Portella della Ginestra, il riconoscimento

La Soprintendenza per i Beni culturali e ambientali di Palermo, su mandato dell’assessore regionale ai Beni culturali e all’identità siciliana, ha avviato l’iter per la dichiarazione di interesse culturale del Memoriale di Portella della Ginestra. La procedura dovrà essere conclusa entro 90 giorni. Si è deciso di avviarla, ai sensi del Codice dei beni culturali e del paesaggio “sia per il suo riferimento con la storia, sia quale testimonianza unica dell’identità e della storia delle istituzioni collettive”.

Realizzato tra il 1979 e il 1980 da Ettore de Conciliis (Avellino, 1941) con la collaborazione del pittore Rocco Falciano (Potenza, 1933) e dell’architetto Giorgio Stockel (Milano, 1938), il Memoriale è un’opera di impegno civile riconosciuta come primo intervento di “land art” in Italia, costituendo un segno importante del paesaggio e il simbolo della memoria della prima strage mafiosa in Sicilia nel secondo dopoguerra.
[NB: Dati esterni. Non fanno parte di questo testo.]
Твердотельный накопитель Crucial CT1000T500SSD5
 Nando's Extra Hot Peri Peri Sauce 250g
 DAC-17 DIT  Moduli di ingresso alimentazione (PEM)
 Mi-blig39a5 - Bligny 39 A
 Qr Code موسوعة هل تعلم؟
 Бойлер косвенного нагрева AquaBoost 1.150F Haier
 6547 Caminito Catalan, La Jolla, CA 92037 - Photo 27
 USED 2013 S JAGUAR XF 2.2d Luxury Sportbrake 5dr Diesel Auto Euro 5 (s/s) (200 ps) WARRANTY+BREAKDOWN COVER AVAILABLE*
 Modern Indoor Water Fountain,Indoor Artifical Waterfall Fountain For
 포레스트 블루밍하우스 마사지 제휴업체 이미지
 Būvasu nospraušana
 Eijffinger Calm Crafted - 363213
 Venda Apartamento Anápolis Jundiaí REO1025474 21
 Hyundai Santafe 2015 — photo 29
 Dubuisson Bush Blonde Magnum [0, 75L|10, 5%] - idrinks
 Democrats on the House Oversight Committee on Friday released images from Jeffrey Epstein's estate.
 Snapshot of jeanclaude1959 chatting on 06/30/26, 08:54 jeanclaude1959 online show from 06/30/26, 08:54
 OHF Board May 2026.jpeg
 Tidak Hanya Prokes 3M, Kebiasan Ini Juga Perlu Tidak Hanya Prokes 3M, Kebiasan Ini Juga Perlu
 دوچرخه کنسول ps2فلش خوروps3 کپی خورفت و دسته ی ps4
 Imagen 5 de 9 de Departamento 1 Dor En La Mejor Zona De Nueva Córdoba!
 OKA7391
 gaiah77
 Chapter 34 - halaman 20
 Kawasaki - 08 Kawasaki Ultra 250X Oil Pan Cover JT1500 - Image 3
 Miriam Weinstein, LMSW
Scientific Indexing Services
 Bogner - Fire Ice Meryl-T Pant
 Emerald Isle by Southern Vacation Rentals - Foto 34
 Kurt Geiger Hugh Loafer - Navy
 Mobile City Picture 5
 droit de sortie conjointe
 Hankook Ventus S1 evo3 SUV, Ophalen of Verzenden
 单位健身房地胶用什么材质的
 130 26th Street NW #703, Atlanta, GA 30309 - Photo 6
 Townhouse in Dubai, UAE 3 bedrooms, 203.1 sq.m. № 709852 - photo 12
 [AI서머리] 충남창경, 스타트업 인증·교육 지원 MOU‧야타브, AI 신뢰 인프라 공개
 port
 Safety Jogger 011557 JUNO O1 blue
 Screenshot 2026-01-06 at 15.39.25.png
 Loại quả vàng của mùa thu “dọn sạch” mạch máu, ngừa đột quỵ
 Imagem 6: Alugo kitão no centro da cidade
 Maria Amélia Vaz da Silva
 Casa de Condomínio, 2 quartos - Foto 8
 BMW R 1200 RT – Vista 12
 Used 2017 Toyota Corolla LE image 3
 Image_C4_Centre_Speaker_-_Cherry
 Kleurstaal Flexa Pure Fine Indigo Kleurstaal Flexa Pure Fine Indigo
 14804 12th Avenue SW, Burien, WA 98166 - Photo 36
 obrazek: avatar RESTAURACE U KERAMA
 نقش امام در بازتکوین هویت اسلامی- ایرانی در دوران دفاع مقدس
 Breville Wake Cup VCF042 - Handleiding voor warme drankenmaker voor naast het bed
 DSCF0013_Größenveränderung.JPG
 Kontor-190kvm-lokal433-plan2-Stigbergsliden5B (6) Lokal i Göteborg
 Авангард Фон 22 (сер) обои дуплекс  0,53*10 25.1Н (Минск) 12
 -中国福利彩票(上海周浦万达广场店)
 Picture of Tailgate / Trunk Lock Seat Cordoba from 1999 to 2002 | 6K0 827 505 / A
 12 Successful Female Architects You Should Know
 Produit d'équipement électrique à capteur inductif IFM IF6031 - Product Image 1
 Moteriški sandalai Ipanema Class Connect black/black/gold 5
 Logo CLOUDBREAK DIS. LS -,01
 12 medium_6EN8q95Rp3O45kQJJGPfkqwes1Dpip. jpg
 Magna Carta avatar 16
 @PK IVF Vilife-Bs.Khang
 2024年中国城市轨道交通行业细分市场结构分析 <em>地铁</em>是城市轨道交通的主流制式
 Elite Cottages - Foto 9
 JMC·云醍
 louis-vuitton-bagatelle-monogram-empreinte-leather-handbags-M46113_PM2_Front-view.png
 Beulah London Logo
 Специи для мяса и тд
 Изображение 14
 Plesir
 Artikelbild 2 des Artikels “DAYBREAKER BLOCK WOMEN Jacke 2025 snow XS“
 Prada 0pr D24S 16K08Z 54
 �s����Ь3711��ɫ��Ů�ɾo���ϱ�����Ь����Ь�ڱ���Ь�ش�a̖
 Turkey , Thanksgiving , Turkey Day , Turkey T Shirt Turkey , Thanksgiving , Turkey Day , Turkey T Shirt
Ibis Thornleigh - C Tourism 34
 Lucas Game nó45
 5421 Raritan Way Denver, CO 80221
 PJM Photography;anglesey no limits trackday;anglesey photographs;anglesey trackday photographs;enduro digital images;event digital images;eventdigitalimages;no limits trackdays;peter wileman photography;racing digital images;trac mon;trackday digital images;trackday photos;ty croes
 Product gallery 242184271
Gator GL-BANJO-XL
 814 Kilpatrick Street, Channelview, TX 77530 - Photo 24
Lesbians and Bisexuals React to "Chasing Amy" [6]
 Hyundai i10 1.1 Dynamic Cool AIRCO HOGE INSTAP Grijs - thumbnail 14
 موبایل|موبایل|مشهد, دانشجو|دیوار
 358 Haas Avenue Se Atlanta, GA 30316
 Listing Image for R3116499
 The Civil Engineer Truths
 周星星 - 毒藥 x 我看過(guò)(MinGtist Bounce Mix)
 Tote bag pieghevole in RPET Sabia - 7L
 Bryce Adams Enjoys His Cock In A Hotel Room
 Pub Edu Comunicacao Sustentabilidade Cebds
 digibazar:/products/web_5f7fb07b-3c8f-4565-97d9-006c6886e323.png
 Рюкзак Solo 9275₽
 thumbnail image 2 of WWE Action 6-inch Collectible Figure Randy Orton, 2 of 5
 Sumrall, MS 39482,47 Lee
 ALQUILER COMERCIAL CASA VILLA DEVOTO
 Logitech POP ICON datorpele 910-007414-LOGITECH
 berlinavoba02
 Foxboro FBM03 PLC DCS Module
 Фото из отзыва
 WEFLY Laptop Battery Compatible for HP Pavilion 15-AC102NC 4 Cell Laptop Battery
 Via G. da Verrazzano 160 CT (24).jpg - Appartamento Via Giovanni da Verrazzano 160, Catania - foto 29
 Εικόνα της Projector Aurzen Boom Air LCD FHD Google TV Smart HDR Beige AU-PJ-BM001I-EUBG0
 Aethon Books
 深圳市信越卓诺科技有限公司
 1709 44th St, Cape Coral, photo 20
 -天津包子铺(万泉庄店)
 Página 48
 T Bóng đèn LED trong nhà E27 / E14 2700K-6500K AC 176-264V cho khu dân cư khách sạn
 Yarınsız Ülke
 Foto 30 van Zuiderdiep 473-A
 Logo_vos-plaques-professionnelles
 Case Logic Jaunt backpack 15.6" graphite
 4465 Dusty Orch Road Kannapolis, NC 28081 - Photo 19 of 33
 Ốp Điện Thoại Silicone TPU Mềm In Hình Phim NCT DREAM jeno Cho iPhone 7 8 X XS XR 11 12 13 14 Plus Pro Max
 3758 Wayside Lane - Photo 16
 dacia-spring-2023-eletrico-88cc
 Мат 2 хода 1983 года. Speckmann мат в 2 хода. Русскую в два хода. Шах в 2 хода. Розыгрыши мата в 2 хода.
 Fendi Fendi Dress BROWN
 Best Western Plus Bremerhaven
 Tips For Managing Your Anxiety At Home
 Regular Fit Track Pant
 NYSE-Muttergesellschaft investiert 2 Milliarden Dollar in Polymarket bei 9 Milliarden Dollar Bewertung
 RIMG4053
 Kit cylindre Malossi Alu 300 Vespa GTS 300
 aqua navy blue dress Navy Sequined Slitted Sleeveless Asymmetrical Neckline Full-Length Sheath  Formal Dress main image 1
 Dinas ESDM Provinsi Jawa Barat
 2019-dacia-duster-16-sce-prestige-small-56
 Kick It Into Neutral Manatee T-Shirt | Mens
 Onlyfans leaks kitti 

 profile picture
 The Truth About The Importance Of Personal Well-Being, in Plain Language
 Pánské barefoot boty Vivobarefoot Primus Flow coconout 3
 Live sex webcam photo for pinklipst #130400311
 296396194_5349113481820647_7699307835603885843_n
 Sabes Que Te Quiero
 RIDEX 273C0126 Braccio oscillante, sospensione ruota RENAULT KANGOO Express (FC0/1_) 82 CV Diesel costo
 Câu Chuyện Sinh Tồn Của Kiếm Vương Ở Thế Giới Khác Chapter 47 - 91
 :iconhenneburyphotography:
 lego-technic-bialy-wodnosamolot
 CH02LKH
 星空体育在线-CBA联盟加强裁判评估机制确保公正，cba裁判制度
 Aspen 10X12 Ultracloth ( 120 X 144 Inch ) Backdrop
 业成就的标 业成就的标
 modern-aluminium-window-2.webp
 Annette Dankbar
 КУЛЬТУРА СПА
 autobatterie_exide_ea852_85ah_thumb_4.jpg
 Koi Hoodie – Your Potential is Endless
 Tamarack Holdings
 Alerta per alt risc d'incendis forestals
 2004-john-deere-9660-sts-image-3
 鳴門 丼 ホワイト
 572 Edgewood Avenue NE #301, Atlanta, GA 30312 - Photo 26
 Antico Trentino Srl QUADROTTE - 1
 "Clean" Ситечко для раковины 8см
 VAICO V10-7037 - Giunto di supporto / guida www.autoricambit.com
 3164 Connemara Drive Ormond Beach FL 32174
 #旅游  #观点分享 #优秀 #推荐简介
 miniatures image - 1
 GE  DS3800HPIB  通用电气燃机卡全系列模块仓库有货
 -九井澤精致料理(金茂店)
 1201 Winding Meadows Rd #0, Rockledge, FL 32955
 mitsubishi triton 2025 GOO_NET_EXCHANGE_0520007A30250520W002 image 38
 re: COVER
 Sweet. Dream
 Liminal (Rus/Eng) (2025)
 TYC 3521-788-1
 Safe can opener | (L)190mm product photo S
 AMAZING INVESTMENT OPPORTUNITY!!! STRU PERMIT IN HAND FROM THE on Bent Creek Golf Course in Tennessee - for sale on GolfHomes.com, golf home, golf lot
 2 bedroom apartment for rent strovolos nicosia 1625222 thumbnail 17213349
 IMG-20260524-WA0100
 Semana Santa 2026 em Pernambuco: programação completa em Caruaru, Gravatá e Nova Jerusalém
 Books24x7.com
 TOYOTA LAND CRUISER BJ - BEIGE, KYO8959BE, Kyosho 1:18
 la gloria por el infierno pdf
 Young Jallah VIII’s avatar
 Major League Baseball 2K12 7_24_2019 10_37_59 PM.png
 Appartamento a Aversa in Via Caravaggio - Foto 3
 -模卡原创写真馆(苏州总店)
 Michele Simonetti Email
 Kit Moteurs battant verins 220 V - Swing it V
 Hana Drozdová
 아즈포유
La storia e la strage del primo maggio

L’opera è realizzata nel pianoro sassoso, tra il monte Pizzuto e la sottostante strada provinciale per San Giuseppe Jato, dove si verificò l’eccidio. In occasione del primo maggio 1947 vi si erano riuniti circa duemila lavoratori, in prevalenza contadini e braccianti con le loro famiglie, per celebrare la festa dei lavoratori, manifestare contro il latifondismo e in favore dell’occupazione delle terre incolte, come facevano sin dai tempi dei Fasci siciliani. Dal promontorio sovrastante, Salvatore Giuliano e i suoi uomini aprirono il fuoco causando la morte di undici persone (otto adulti e tre bambini) e il ferimento di altre ventisette.

Negli anni il monumento si è trasformato in uno spazio pubblico, patrimonio di una comunità che oltrepassa i confini del territorio, in cui ogni anno viene rinnovato l’impegno a manifestare per i diritti. Alcuni grandi massi che ricordano dei menhir, posti attorno al “sasso di Barbato“, dal nome del socialista italo-albanese Nicola Barbato fondatore e dirigente dei Fasci siciliani dei lavoratori, simboleggiano i corpi dei caduti.

Un muro a secco taglia trasversalmente lo spazio, riproducendo la traiettoria degli spari. Su uno dei massi sono incisi i nomi delle vittime. Per la Soprintendenza l’opera presenta carattere di unicità e si distingue per l’approccio emotivo e una progettualità che rimarca la solennità sacrale del luogo in cui si consumò la violenza. Il valore identitario dell’installazione è esaltato anche dalla scelta dell’artista di coinvolgere tutta la comunità, a partire dalla progettazione e poi con la realizzazione, avvalendosi della collaborazione delle maestranze locali per la composizione degli elementi e la lavorazione dei materiali, volutamente selezionati in aderenza alle caratteristiche del luogo.